Brief:
Lines with "Avenue" in the records below: say how many there are, and add nothing.

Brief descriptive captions
━━━━━━━━

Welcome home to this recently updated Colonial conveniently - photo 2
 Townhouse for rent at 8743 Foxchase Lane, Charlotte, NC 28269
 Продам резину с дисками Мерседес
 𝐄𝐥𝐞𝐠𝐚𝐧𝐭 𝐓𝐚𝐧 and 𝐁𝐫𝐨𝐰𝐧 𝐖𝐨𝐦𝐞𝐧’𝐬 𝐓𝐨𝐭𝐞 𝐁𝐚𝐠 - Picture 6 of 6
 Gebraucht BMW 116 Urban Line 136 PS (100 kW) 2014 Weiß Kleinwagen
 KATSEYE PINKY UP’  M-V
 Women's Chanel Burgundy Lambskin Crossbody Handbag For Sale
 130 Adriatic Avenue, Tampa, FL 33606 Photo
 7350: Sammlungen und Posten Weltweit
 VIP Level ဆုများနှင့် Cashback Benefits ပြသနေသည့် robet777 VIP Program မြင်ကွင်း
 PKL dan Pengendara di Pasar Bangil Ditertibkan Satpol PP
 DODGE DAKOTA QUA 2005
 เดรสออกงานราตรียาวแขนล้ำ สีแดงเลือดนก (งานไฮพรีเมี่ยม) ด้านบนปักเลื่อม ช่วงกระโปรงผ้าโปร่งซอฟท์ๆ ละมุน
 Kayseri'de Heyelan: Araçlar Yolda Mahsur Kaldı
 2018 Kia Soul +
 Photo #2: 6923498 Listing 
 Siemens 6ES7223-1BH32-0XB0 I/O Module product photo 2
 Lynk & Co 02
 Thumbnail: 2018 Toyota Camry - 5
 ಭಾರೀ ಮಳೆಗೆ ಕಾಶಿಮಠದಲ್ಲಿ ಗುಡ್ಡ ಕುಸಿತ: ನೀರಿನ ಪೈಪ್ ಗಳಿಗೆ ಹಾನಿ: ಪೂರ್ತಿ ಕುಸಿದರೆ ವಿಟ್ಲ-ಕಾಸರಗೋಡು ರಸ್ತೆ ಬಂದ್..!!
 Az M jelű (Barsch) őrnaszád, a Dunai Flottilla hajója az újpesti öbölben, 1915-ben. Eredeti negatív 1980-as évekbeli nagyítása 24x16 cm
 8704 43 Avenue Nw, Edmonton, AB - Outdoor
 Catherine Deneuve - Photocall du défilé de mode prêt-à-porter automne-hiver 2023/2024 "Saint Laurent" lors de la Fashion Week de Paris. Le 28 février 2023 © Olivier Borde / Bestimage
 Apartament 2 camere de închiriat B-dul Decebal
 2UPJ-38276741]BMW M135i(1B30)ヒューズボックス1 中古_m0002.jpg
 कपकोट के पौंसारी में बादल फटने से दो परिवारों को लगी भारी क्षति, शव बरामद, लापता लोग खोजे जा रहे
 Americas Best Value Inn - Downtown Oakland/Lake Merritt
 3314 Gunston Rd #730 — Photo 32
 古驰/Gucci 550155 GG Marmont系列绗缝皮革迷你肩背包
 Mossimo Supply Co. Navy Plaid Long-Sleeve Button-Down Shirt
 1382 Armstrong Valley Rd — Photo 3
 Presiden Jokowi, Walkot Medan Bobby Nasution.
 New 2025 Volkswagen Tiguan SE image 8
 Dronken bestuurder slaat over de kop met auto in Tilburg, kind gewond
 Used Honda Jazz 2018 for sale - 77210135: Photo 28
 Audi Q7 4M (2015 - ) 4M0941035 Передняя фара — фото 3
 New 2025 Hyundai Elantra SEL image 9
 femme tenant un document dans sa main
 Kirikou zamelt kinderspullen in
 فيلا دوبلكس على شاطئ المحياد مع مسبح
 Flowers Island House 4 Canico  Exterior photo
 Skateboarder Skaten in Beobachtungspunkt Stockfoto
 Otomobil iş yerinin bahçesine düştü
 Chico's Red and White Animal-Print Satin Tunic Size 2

━━━━━━━━

Written response:
2